Thursday, June 21, 2007

Education Reform: Pot, meet Kettle

Here's something that frustrates me about academia: an individual "authority" shouting down from her Ivory Tower to criticize an alternative model that has been shown to function well in the real world, outside the traditional walls of the academy. The latest issue of The Chronicle of Higher Education includes a somewhat negative piece about Teach for America. Granted, I am a TFA alum (Baltimore '02), and may be a bit biased about the impact of the corps. Below are some of the criticisms from education academics:
  1. Teach for America does not adequately prepare its teachers for the schools they will enter.
  2. Teach for America corps members do little good by only completing their two year teaching commitment and then moving on to other careers.
  3. Teach for America is not a viable solution to the education crisis in the United States.
In response to these critiques, I will concede that I do not completely agree with everything that Teach for America as an institution has done.

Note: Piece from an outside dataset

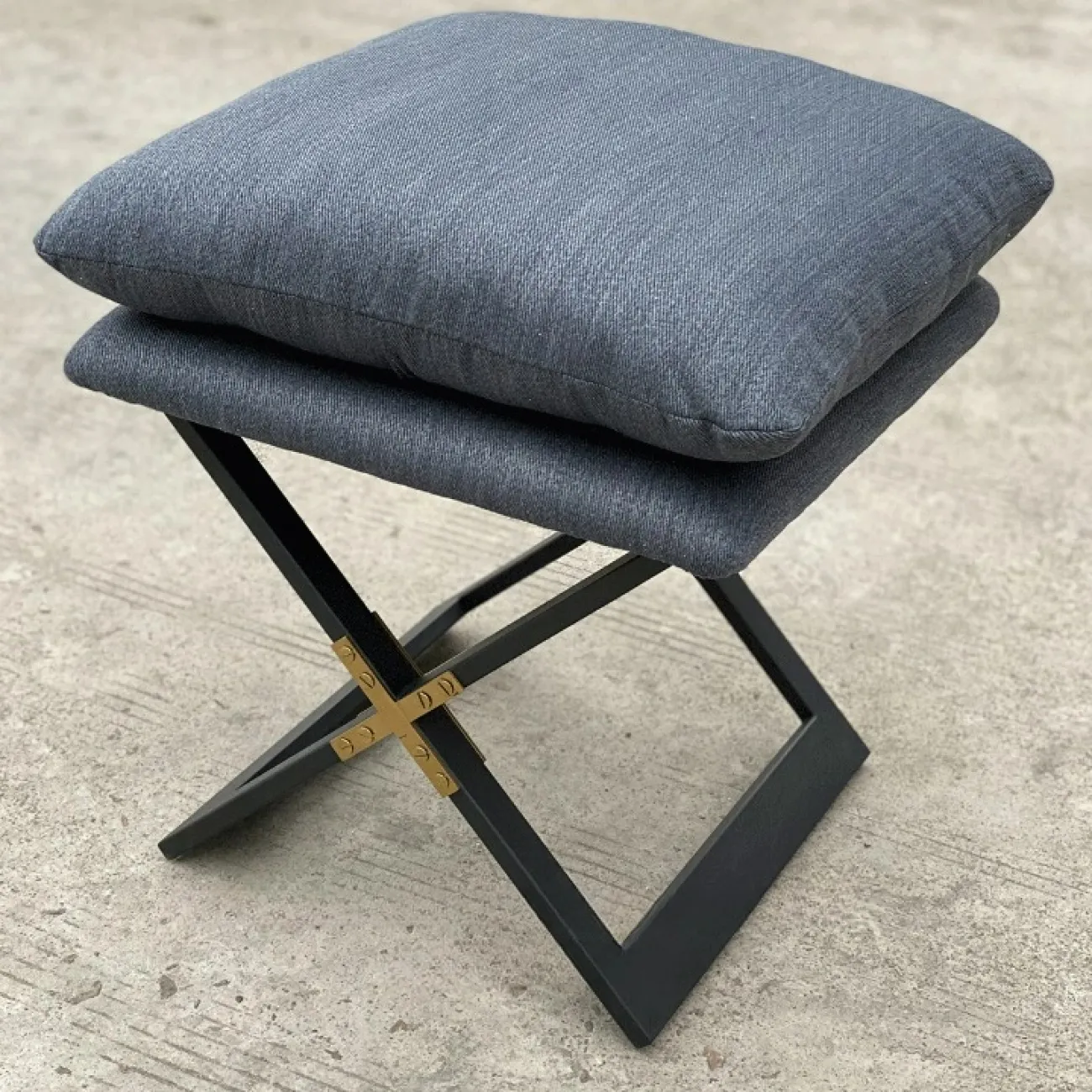Лаконичный табурет Yanshe из стали TB39015-32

But, I do strongly believe that in essence TFA works and has made a significant change in the direction of the education reform conversation in this country. With that, my responses to the above:
  1. The 5-week TFA Institute completed the summer before a corps member's first year of teaching is quite literally, a crash course, aka teacher boot-camp. Did I feel that I was prepared to teach by the end of the summer? Not really. But I do know that TFA is constantly reflecting and revising their materials to improve the summer training. This year they will include separate science pedagogy instruction, which was no where to be found when I completed my training in summer of 2002. In addition, I was teaching in a school with other first year teachers, some of whom were part of an alternative certification cohort, some who had formal teacher training in college. I can say, hands down, myself and the other TFA teachers in my school performed as well, if not better, in improving student achievement than these other teachers. And I believe this to be a major success of TFA's model.

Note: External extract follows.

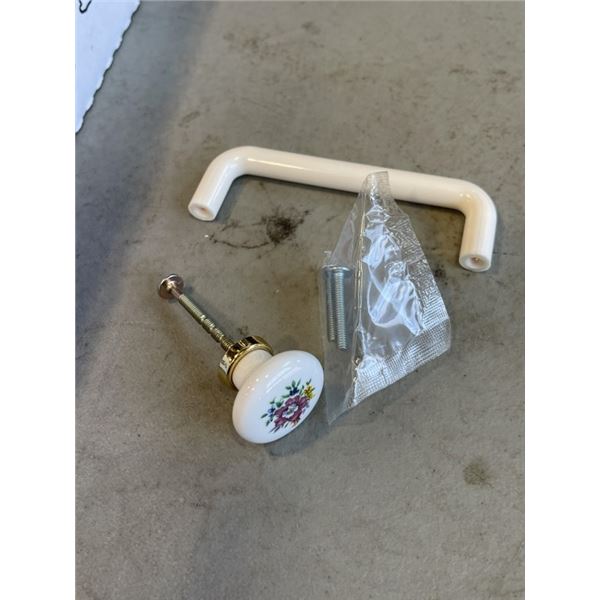 3 TRAYS OF DOOR KNOBS & HANDLES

  2. I know, I know, I'm no longer teaching, therefore, what good am I doing for the education system? My experience in the corps drastically changed my outlook on my career path. I always intended to be an academic research scientist. Now I realize that teaching and education reform also must be part of my vocation. I see myself working both at the university level and the political level (i.e. volunteering, grant writing, policy making) to make change. Many, many other of my fellow corps members are still teaching. And the others are making an impact in fields like medicine, law, and business. The TFA model of building a movement of leaders in all fields that recognize the great need to overcome educational inequity in the US in our lifetime is working. I am proof of that.

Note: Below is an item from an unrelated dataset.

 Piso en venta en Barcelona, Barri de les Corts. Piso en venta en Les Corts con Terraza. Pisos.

  3. As far as whether Teach for America can be a solution to the crises that our education system faces, I don't think it's the silver bullet. However, I'm not sure what else has been proposed that is working. This is where disparaging comments from the academics in education really start to bug me. If they have the answer to education reform, what or where is it? Especially in STEM disciplines (science, technology, engineering, and mathematics) how many teachers are the schools of Ed producing and sending to the schools of highest need? As a chemistry teacher in Baltimore I know that many of my students had other science and math teachers with no training in the subject mater (physics, upper level mathematics) they were teaching! Until the schools of Education can produce the necessary numbers of highly qualified science and math teachers, programs like Teach for America, which heavily recruit top science and math undergraduates to apply, are the only real solution to the problem. Programs like UTeach at University of Texas and others, which were featured in Science magazine recently, are a start, but UTeach is a program run outside the traditional education academies.
In the end, I believe that those in the academy must embrace alternative solutions and work with them towards a common goal. It is very easy to discuss limitations of a novel model over the traditional one. Unfortunately, the traditional model has yet to stem the tide of the problem, especially as our education system falls farther and father behind in science and mathematics.